▸ PROBLEM DETAILS
Everything before the line containing "Alegria Liliana Wedge" stays out; print that line and all lines below it through the last, exactly.

---

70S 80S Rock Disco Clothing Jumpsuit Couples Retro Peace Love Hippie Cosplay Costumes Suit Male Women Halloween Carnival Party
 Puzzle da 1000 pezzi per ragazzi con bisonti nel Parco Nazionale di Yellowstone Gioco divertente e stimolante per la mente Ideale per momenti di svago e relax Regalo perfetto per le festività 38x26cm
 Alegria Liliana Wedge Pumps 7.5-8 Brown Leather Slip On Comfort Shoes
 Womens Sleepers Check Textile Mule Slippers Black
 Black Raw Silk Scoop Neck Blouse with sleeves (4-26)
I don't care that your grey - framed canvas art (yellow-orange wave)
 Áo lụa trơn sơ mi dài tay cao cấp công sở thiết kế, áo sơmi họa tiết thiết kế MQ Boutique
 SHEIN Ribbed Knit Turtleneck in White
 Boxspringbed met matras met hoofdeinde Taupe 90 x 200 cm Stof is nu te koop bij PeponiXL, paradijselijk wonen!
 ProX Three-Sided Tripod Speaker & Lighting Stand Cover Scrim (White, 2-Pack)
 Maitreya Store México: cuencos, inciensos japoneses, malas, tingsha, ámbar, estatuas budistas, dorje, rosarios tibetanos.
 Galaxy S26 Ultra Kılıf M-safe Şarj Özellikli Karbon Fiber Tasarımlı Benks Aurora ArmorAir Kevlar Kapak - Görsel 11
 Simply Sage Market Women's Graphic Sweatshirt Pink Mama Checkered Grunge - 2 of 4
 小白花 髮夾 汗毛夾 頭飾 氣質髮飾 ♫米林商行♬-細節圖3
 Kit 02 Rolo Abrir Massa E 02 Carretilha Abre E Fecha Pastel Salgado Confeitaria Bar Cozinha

---

▸ RESULT FOR THIS EXERCISE
 Alegria Liliana Wedge Pumps 7.5-8 Brown Leather Slip On Comfort Shoes
 Womens Sleepers Check Textile Mule Slippers Black
 Black Raw Silk Scoop Neck Blouse with sleeves (4-26)
I don't care that your grey - framed canvas art (yellow-orange wave)
 Áo lụa trơn sơ mi dài tay cao cấp công sở thiết kế, áo sơmi họa tiết thiết kế MQ Boutique
 SHEIN Ribbed Knit Turtleneck in White
 Boxspringbed met matras met hoofdeinde Taupe 90 x 200 cm Stof is nu te koop bij PeponiXL, paradijselijk wonen!
 ProX Three-Sided Tripod Speaker & Lighting Stand Cover Scrim (White, 2-Pack)
 Maitreya Store México: cuencos, inciensos japoneses, malas, tingsha, ámbar, estatuas budistas, dorje, rosarios tibetanos.
 Galaxy S26 Ultra Kılıf M-safe Şarj Özellikli Karbon Fiber Tasarımlı Benks Aurora ArmorAir Kevlar Kapak - Görsel 11
 Simply Sage Market Women's Graphic Sweatshirt Pink Mama Checkered Grunge - 2 of 4
 小白花 髮夾 汗毛夾 頭飾 氣質髮飾 ♫米林商行♬-細節圖3
 Kit 02 Rolo Abrir Massa E 02 Carretilha Abre E Fecha Pastel Salgado Confeitaria Bar Cozinha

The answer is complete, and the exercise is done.